Between 1883 and 1887 Renoir turned away from pure Impressionism to concentrate on a more clearly defined classicism which has been called his 'période ingresque'. Only six years before Renoir was still attracted to a different aesthetic: a more feathery, Impressionistic brushstroke which can be seen in Jeune fille endormiée (fig. 1), painted in 1880.
Commenting on his work in 1883, Renoir had said, 'il s'était fait comme une casure dans mon oeuvre. J'étais allé jusqu'au bout de l'impressionisme, et j'arrivais à cette constatation que je ne savais ni peindre ni dessiner. En un mot, j'étais dans une impasse'. Renoir henceforth imposed upon himself a severe discipline which became more evident over the following three years as he laboured over Les Grandes Baigneuses (D. 514), now in the Philadelphia Museum of Art.
In all the works of this period Renoir was clearly aiming for greater control of form, tauter pictorial organisation and a plasticity in his figures which had not existed previously.

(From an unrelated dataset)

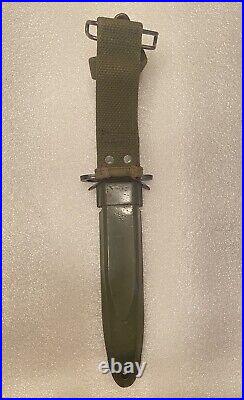 Bayonet With Scabbard Japanese Made Korean War Era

Jeune fille blonde is characteristic of this new style; the figure of the young girl is carefully modelled, her strong contours contrasting with the flat, indistinct background. His brushwork is smooth and polished in the girl's face and intentionally looser elsewhere, in her hair and in the patches of colour in the background. By this means he gives substance to her physical presence whilst also producing an alluring delicacy. The soft pastel shades, the warm reds and yellows, enhance this effect. Commenting on Renoir's 'période ingresque' François Daulte has written 'grâce à sa tendresse et à son moelleux incomparables, la sanguine devait permettre à Renoir, mieux que tout autre procédé, de suggérer une image nouvelle de la féminité' (F. Daulte, Chapter VII in Renoir, Collection Génies et Réalités, Paris, 1970, p. 161). The same muted palette and control of form is visible in another female portrait of 1886, his celebrated Madame Renoir avec Pierre (D. 496) in the Norton Simon Foundation, Los Angeles.

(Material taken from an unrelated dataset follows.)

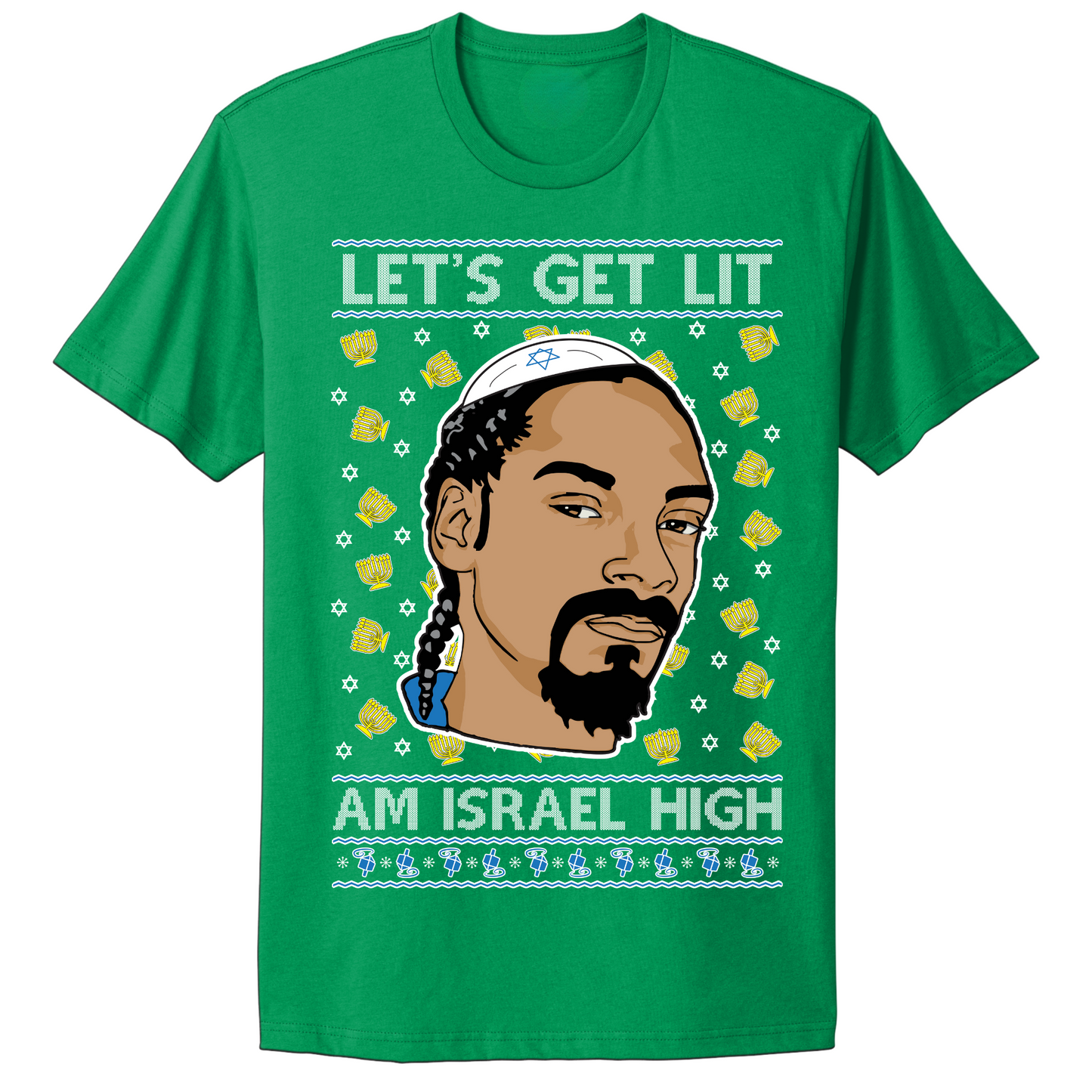 Get Lit Am Israel Hanukkah T-shirt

Jos Hessel (fig. 2) was a prominent art dealer who worked with his cousins, the Bernheim brothers Joseph and Gaston who managed the Galerie Bernheim-Jeune, long associated with the Impressionists. After 1900, as the Bernheim-Jeune expanded, Jos Hessel was entrusted with the management of their branch on Avenue de l'Opéra. The luxury and flourish with which the Berheim-Jeune galleries were run after 1900 attracted the sparkling patronage of the second generation of collectors of Impressionism, among them, Auguste Pellerin, Etienne Moreau-Nélaton, Paul Gallimard and Lucien Sauphar.